Did i mention i love you Bex?


----------



## y2kcurran (Aug 27, 2008)

i have zero brachys, these pics r such a tease! :devil:

lol lovely pics tho, gotta get me a boehmei


----------



## shiprat (Mar 16, 2009)

stunning! so looking forward to seeing my B.bohemi sling grow!


----------



## Captainmatt29 (Feb 28, 2009)

lovely brachys


----------



## atum (Jun 1, 2009)

I think it's all the same spider and been photoshopped. Want to look like you have a huge collection of Brachys. Nice try but I'm on to you :crazy:


----------



## Becky (Mar 26, 2007)

atum said:


> I think it's all the same spider and been photoshopped. Want to look like you have a huge collection of Brachys.

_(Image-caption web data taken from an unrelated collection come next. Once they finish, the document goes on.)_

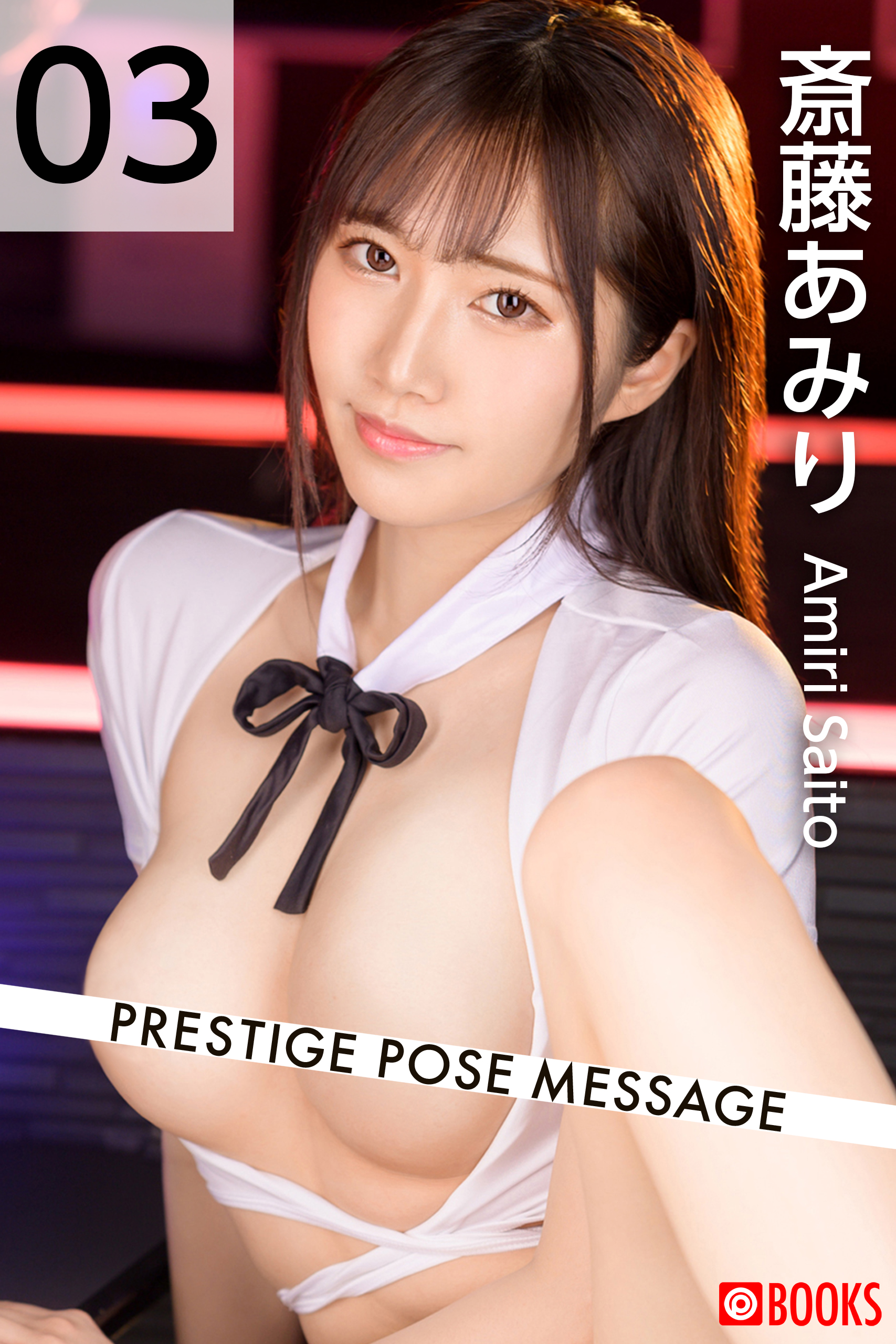 PRESTIGE POSE MESSAGE 斎藤あみり03 - プレステージ出版（写真集）斎藤あみり - 漫画・無料試し読みなら、電子書籍ストア  ブックライブ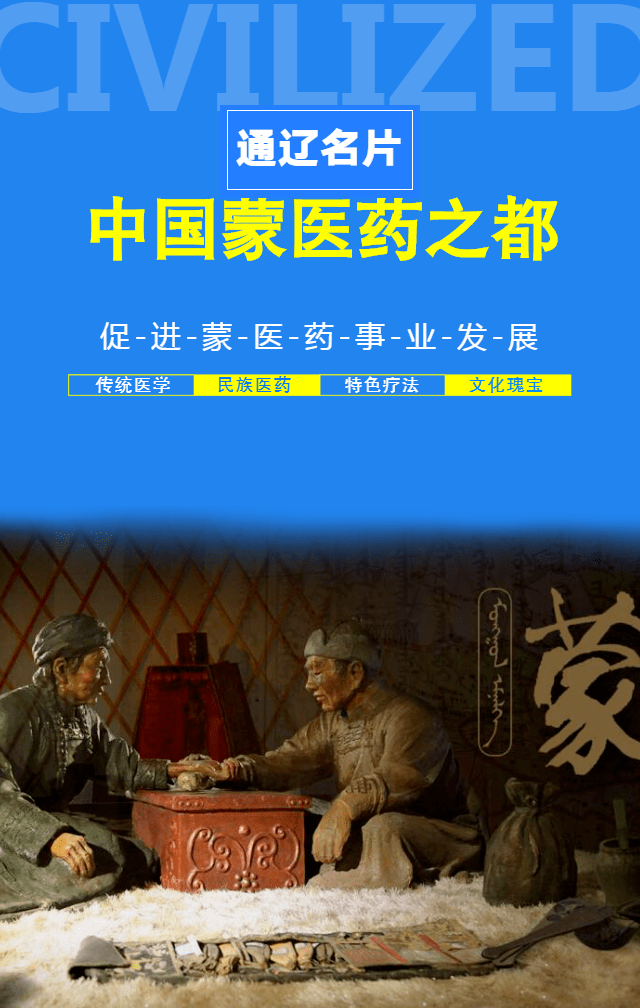 通辽的城市名片,你更爱哪张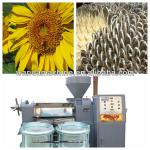 sunflower seeds oil press machine(450kg/h)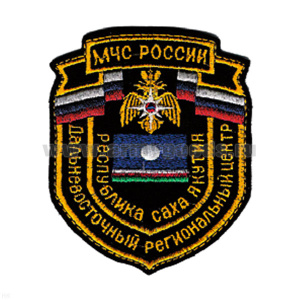 Шеврон вышит. Дальневост. Рег. центр МЧС России Респ. Саха Якутия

Nice try but I'm on to you :crazy:



:lol2: Why didn't i think of that?? It would of been a hell of a lot cheaper!!! :gasp:


----------



## garlicpickle (Jan 16, 2009)

Becky said:


> :lol2: Why didn't i think of that?? It would of been a hell of a lot cheaper!!! :gasp:


fess up Becky, we know you've really only got the one......:whistling2:


----------



## Becky (Mar 26, 2007)

And even thats a moult! :lol2:


----------